This is where i got my info. It would seem that i forgot that engines that came mated to 4l80e's already had the spacer between the crank and flex plate from the factory. So thats probably why you were able to get away with it. They were both orignally bolted to 4l80e's!

http://www.pirate4x4.com/forum/chevy/866064-tech-gen-iii-iv-ls-motor-auto-trans.html

This is almost funny. They removed the 4L80E flexplate/spacer off my 6L and put a 4L60 flex plate on....to make sure I had the right flex plate for my 700R4.:haha: #enginestillnotintruck :rolleyes:
 
Wtf... Sorry about your luck with them! Truthfully, it seems there have been several folks have a not so swell experience with them. Almost everyone that gets their crossmemeber kit is pissed that it is in the way of the brake lines and fuel lines when it is supposed to be "bolt in". I'm not bashing them, but if they want to maintain this reputation they have for being some kind of one stop shop and charging ungodly amounts of money for everything, they should probably get on the ball.
 
I'll agree with that. I wasn't "super pissed" but it was disappointing that I had to modify the crossmember
 
Wtf... Sorry about your luck with them! Truthfully, it seems there have been several folks have a not so swell experience with them. Almost everyone that gets their crossmemeber kit is pissed that it is in the way of the brake lines and fuel lines when it is supposed to be "bolt in". I'm not bashing them, but if they want to maintain this reputation they have for being some kind of one stop shop and charging ungodly amounts of money for everything, they should probably get on the ball.
They are super nice guys and have the LS thing pretty much all figured out, but yeah..... there has been some pretty silly bloopers here with my purchase.

If I had my engine by the original promise date, I'd be driving my K5 around yesterday and enjoying it. If I had the correct flex plate, I'd be stabbing that sumbitch in yesterday. I wound up and had yesterday off, didn't feel totally beat physically like normal, and could have made some real progress yesterday.

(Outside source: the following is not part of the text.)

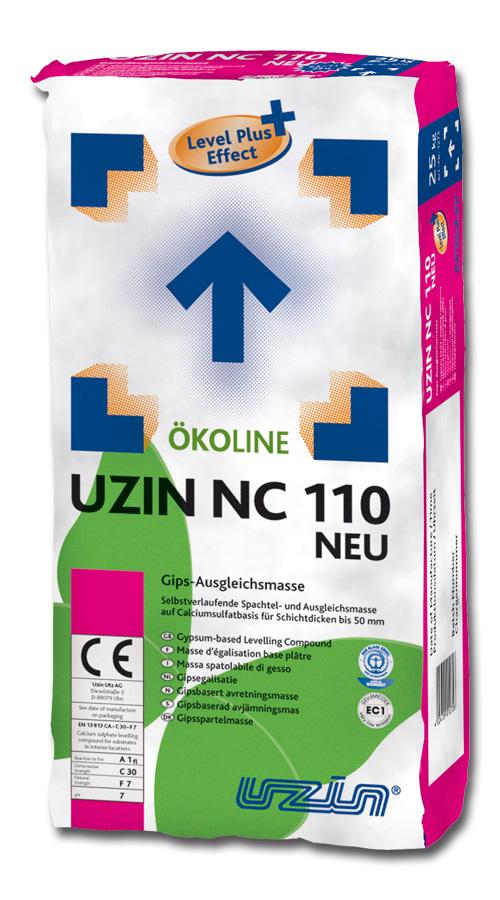 UZIN NC 110 NEU - samonivelační stěrkovací hmota na bázi sádry s Level Plus Effect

As far as price goes, yeah you are paying a premium to do one stop shopping with them, but it's not that high of a price really. Around here I couldn't seem to come up with a 6L for anything under $1500, without harness and computer. 5.3L engines all day long for $500, but not 6L's. I figure I spent an extra grand over piecing it together myself. Although....doing this over again so far, I think I would have went with dirty dingo mounts so I didn't have to mess with the factory crossmember. PF talked me out of the DD mounts because they mount the engine "too high" in the engine compartment. As I was cutting up PF's crossmember :grind:to get it to actually fit, I thought to myself " I have a 3" body lift and a cowl hood, who cares if the DD mounts raise the engine a little bit.
 
Not to mention the fact that a good percentage of people who have done the swap use dirty dingo mounts. Either way. We all pay to learn sometimes. I don't think you will be unhappy once it's all done!
 
This is with dirty dingo mounts and a 1" body lift and it all fit fine. It is tight in the back but it all clears.
IMG_1679.JPG
I don't think it sets to high.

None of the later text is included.